Earth Science Enterprise: 

Terra: 

Launched in February 2000, Terra is providing measurements that, 
according to NASA, are significantly contributing to the understanding 
of the total Earth system. Specifically, Terra is collecting 200 
gigabytes of data each day on the earth's physical and radiative 
properties of clouds, air-land and air-sea exchanges of energy, carbon, 
and water as well as measurements of trace gases and volcanology. One 
of the first operational uses of Terra was to provide imagery to 
support the U.S. Forest Service's efforts to combat forest fires in the 
western United States. Through Terra, fire fighters were able to 
identify the locations of active fires, instead of locations of smoke, 
providing them with the data needed to better control spreading fires. 
Terra data were also used by the Geography Department of Dartmouth 
College in New Hampshire to assist in flood hazard reduction programs.
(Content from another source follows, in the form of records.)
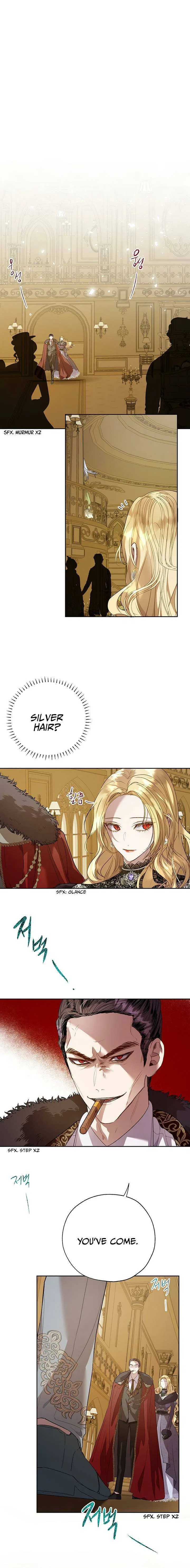 The Way to Protect the Female Lead’s Older Brother Chapter 32 – Page 1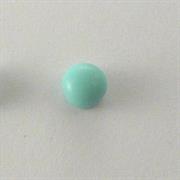 CAB.TONDO 5MM COL.21 TURCHESE CHIARO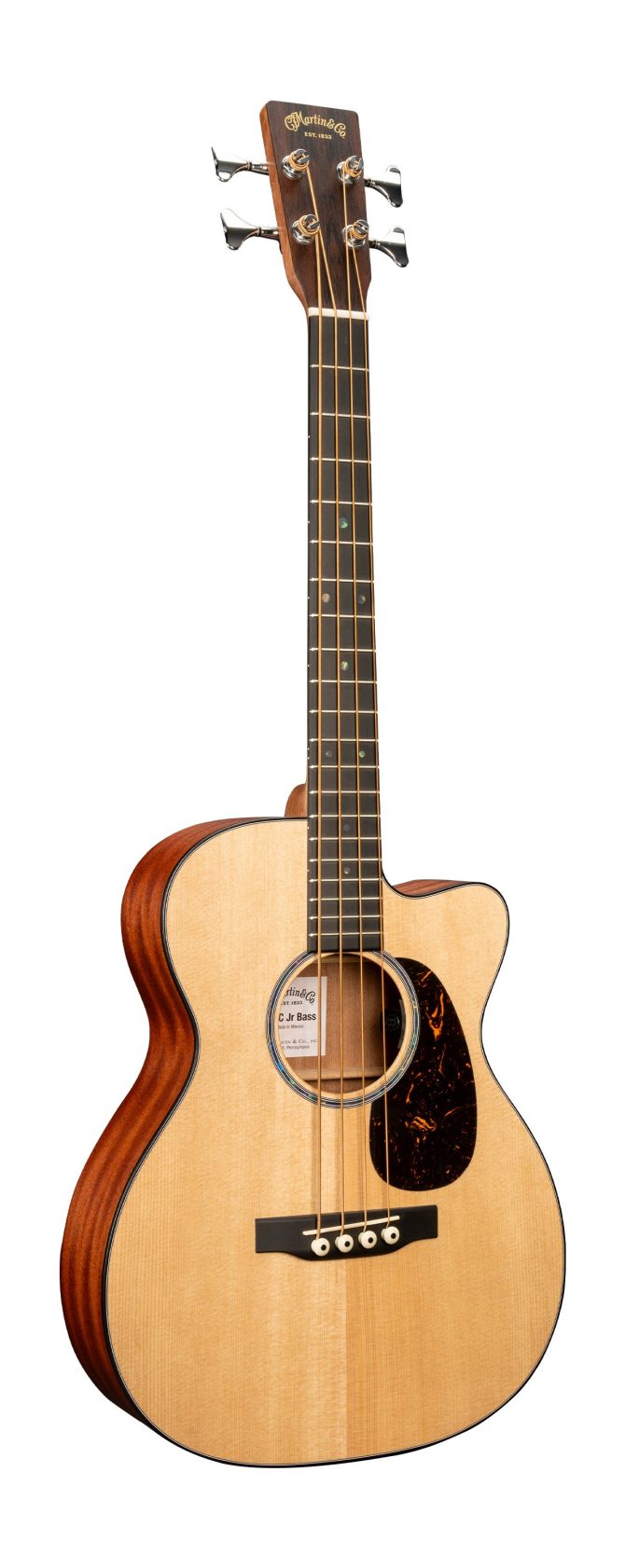 000C Jr E Bass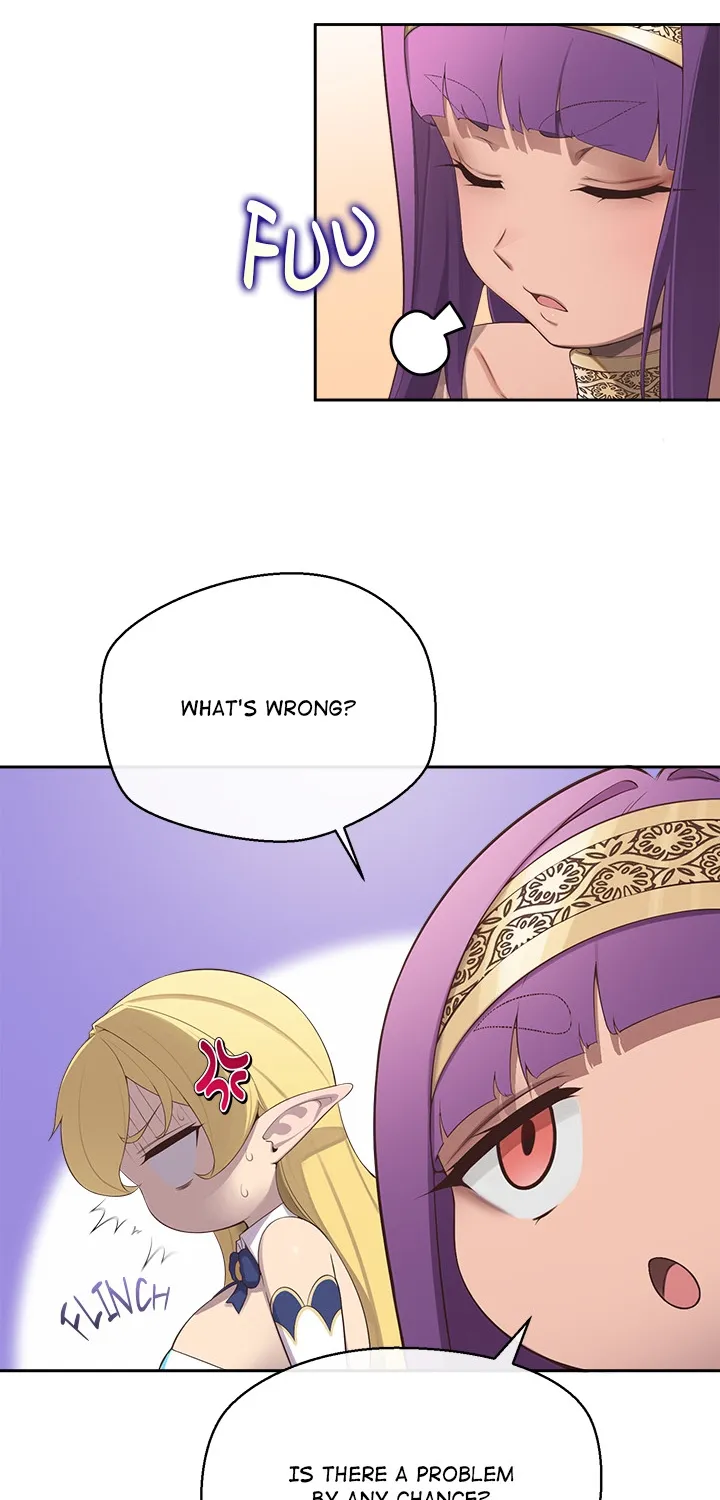 The Seed of Destiny Chapter 2 page 5 - 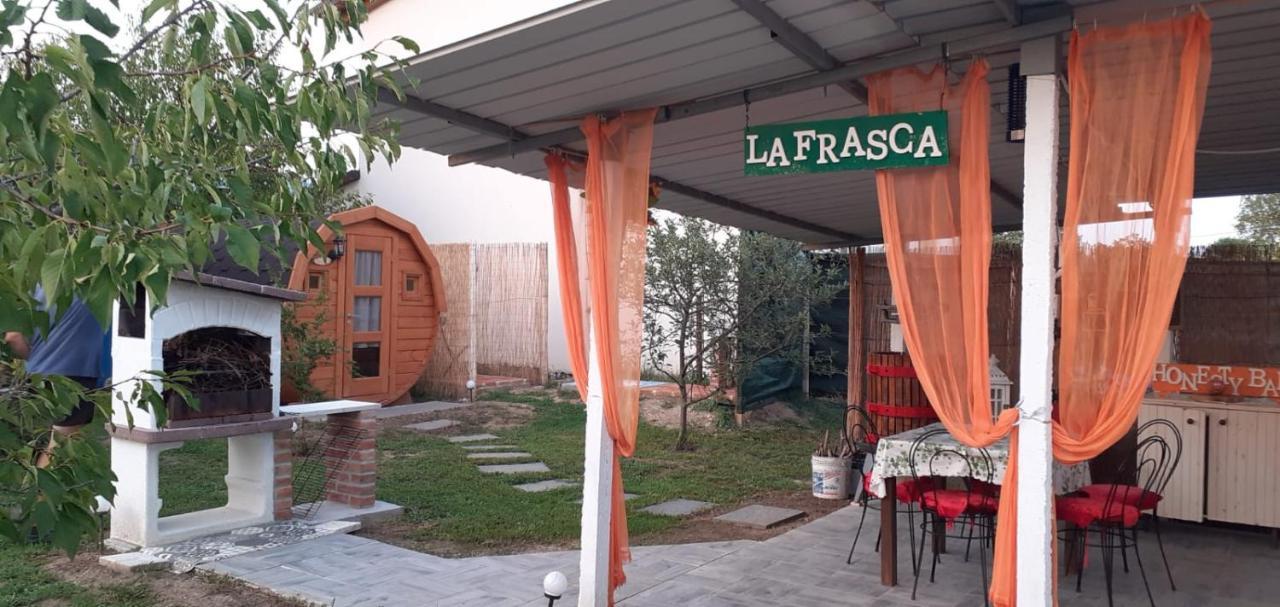 Bassano Up Apartment Mussolente Luaran gambar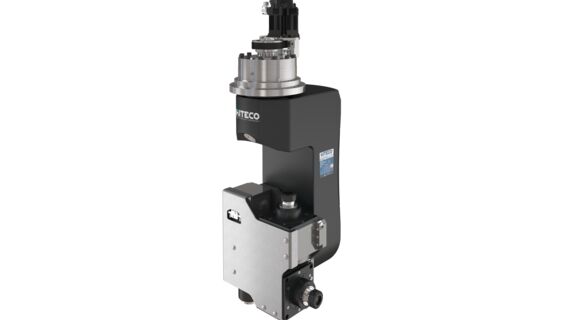 双向旋转轴产品 - TILT T-RV3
New Millennium Program's Earth Observing-1 (EO-1): 

NASA's New Millennium Program (NMP) is designed to identify, develop, 
and flight-validate key instrument and spacecraft technologies that can 
enable new or more cost-effective approaches to conducting science 
missions. EO-1--the first NMP mission, launched in November 2000--
includes three land imaging instruments that are expected to lead to a 
new generation of lighter weight, higher performance, and lower cost 
Landsat-type Earth surface imaging instruments.

Jason-1: 

The mission of the Jason-1 program, a cooperative effort with the 
French Space Agency, is to study the global oceans. Launched in 
December 2001, the Jason-1 satellite was expected to monitor ocean 
circulation and events such as El Nino and ocean eddies and to improve 
global climate forecasts and predictions. The Jason-1 satellite was 
positioned to orbit the earth in tandem with TOPEX/Poseidon, an earlier 
generation satellite launched in 1992, to provide data to the National 
Oceanic and Atmospheric Administration.

SeaWinds: 

The SeaWinds satellite, launched in December 2002, is providing high-
resolution, ocean surface wind data used for studies of ocean 
circulation, climate, and air-sea interaction to understand global 
climate changes and weather patterns better. By using long-term wind 
data in numerical weather and wave prediction models, SeaWinds is 
expected to improve weather forecasts near coastlines and storm warning 
and monitoring.

Cloud-Aerosol Lidar and Infrared Pathfinder Satellite Observations 
(Calipso): 

The Calipso satellite, scheduled for launch in 2005, is being designed 
to study the effect that aerosols and clouds have on the Earth's 
radiation balance, which ultimately controls the temperature of the 
Earth. Calipso is expected to provide scientists with data to construct 
three-dimensional structures of the atmosphere, enabling new 
observationally based assessments of the radiative effects of aerosol 
and clouds that will greatly improve our ability to predict future 
climate change. NASA plans to fly Calipso in formation with Aqua and 
CloudSat, a satellite being designed to measure the vertical structure 
of clouds from space and contribute to a better understanding of the 
role of clouds in the Earth's climate system. The Calipso program is a 
cooperative effort with France.

Space Flight Enterprise: 

X-38 Crew Return Vehicle (CRV): 

The X-38 Crew Return Vehicle was cancelled in April 2002, due to its 
single purpose design and the potentially high costs identified by an 
independent assessment. The purpose of the CRV project was to initiate 
work toward an independent U.S. crew return capability for the 
International Space Station. As envisioned, CRV was expected to serve 
as a back-up to the space shuttle orbiters by providing resupply to the 
station or change-out crew, or accommodating safe return for up to 
seven crew members who may be ill or injured or in the event that a 
catastrophic failure of the station made it unable to support life.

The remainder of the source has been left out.